Neverwonagame3, dude, please stop it with your anti-freedom BOVINE EXCREMENT and let those among use who live in free countries live our INTERCOURSE-ENGAGING lives. It is bad enough that you are a hypocrite (not following the SENTENCED-TO-NEVER-ENDING-UNHAPPINESS format guideline for RiskNES is a clear sign that you do not believe in the anti-freedom BOVINE EXCREMENT that you are spewing), but you have to be a really loud-mouthed hypocrite at that!

Shut the INTERCOURSE-ENGAGEMENT up, seriously!

(P.S. Also, I was just trying out... "politically correct swearing"? Don't bring the banhammer unto me!)

No- it was simply that I failed to notice. Annoying lack of attention span is a justified accusation, but you need more evidence for a charge of hypocrisy to stand.

Uh... huh.

Yeah, destroying the system of checks and balances in the Federal government is a truly awesome way of ensuring liberty remains forever secure and sacred.


Which is why, when it assumed that role during the lifetime of the authors of the Constitutional Framers, there was not sufficient drive from any corner to stop it whatsoever, and why most of them supported it. Because it was evil.

Yeah, you know, the FBI, NSA, CIA, NAFTA, ATF, DHS, IRS, SEC, Social Security, all that junk isn't in the Constitution. Neither is a Department of Defense, or a Department of Justice, a Department of Energy, or the Interior, or Education... nothing about the Capital being in Washington D.C. Nothing about there being five branches of the military. Hey, Washington also said entangling alliances are bad. Maybe we should go burn down NATO headquarters.

Clearly the US Government we all know is an impostor that just plum stole the country way back in 1803 and has been adding on to its list of heinous crimes ever since by doing all these things that aren't in the fundamental legal text. Or maybe such an incredibly dim and narrow minded interpretation of the law is fundamentally ignorant of what the actual practice of governing a country is like over the course of centuries. I wonder.

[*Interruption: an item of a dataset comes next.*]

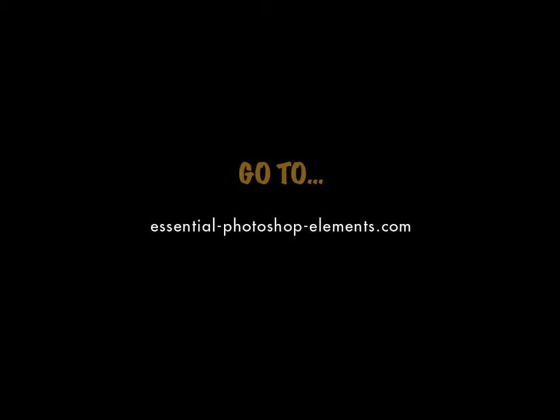Thank you for watching this video. I'm Rick and you can find lots more help and information at my website EssentialPhotoshopElements.com. You can also find me on Twitter at PS underscore Elements. Until next time, take care.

There is an argument that one should break the law, and there are also good arguments that the Founding Fathers had bad ideas for running a country. But your arguments are refutable.

First, that James Madison quote assumes that judges will at least attempt to uphold the constitution AS IT WAS INTENDED TO BE- not to strike down parts of it.

Second, countries as small as Luxembourg and the Vatican survive. It may not be as efficent, but every individual state could run the likes of Social Security. In modern times, many things could be amended into the Constitution- they have enough support.

Third, I was using Washington's view in an attempt to ascertain what was intended by the Constitution. Leaving NATO is different because a foriegn policy conducted by CONGRESS would be in the spirit of the Constitution. (It worked in Ancient Greek times to have a people-driven foriegn policy, so why not Congress? I've read much of The Peloponnesian War, which I source for the claim)

It is bleeding obvious that the US government subverted the intentions of the Founding Fathers- therefore your mock view of the US government is actually fairly close to the truth. You can't just assume it is inherently absurd.
 
Yeah, the Founding Fathers of America must be responsible for the USA's meteoric rise to power in the past few centuries...

Also, you are a hypocrite. You cannot substantially prove to me that it was a lack of attention and not your deliberate anarchist ways.
 
Yeah, the Founding Fathers of America must be responsible for the USA's meteoric rise to power in the past few centuries...

Also, you are a hypocrite. You cannot substantially prove to me that it was a lack of attention and not your deliberate anarchist ways.

1- Rulers should not seek power, but the good of their people. But they should achieve this within moral principles- like actually keeping their own Constitution...

2- If I seem so stupid, doesn't it seem plausible I could make a stuffup like that?

EDIT: To be fair, even Thomas Jefferson broke the Constitution (the Louisana Purchase).